In the meantime, here’s the rundown on half dozen of those major principles.

  • First and foremost, metallization is extremely important. This means creating a bond between the substrate on the PCB and the die. If the surfaces aren’t clean and oxidized, the strength of the wire bond is highly questionable.
  • Different nuances are associated with gold, aluminum, copper, and silver wiring. There must be assurances from wire bonding and PCB assembly experts that using a certain type of wire is compatible with a given application.
  • Flip chips or chip scale packaging (CSP) must be mounted properly on the board for wire bonding to work and be securely attached before wire bonding starts. If not, the created joint will not be reliable. When pull strength testing is applied to the wire bonded joint, the wire will come off.
  • Virtually all wire bonding requires a fixture to lay the substrate flat. Knowledge and expertise are critical here for precisely creating those fixtures for ultra-fine devices to be wire bonded. Tolerances must be extremely tight to properly hold the substrate before it gets wire bonded.
  • An experienced programmer is required to deal with an array of wire bonding variables. That programmer must also be savvy enough to perform wire bonding accurately, calculate and verify bonding strengths, bond integrity, and bond placement before doing the actual bonds.
  • Get assurances the EMS Provider knows to perform plasma cleaning using argon gas to clean substrates, as needed. The surface of those substrates must be 100 percent defect and oxidation free for perfect wire bonding.
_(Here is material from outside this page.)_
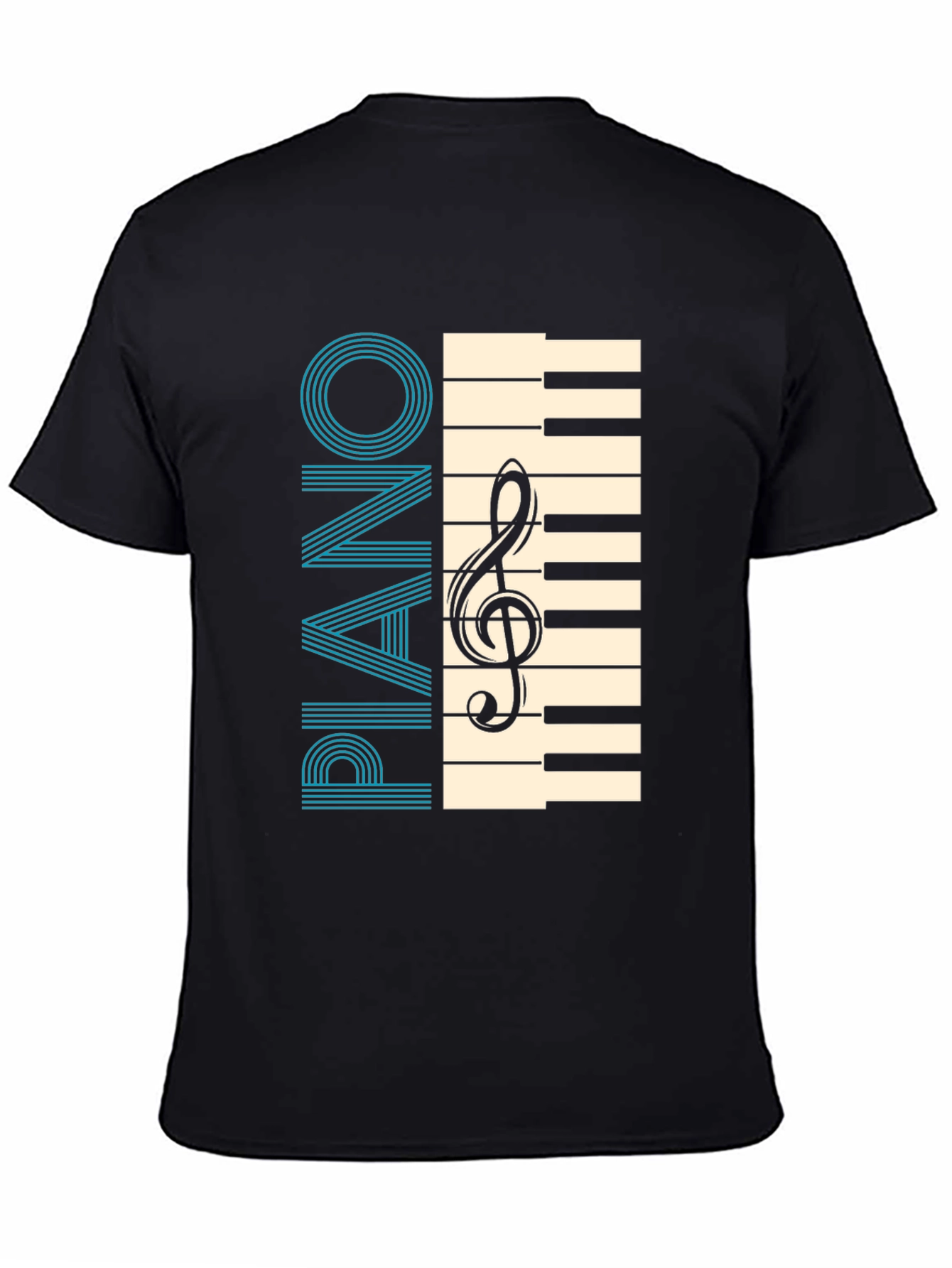 Piano Keys & Clef Graphic T-Shirt - Musicians Style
Wire bonding has two categories, wedge and ball bonding, each distinctively different. Each requires separate and different sets of systems and temperatures for wire bonding operations. For wedge bonding, either aluminum or gold are typically used. For ball bonding, gold wiring is typically used. Wedge and ball bonding also differ in the way the wire bond is made on the chip side. The bond is made resembling a gold ball, while the end of the wire is in a wedge-shape for wedge bonding.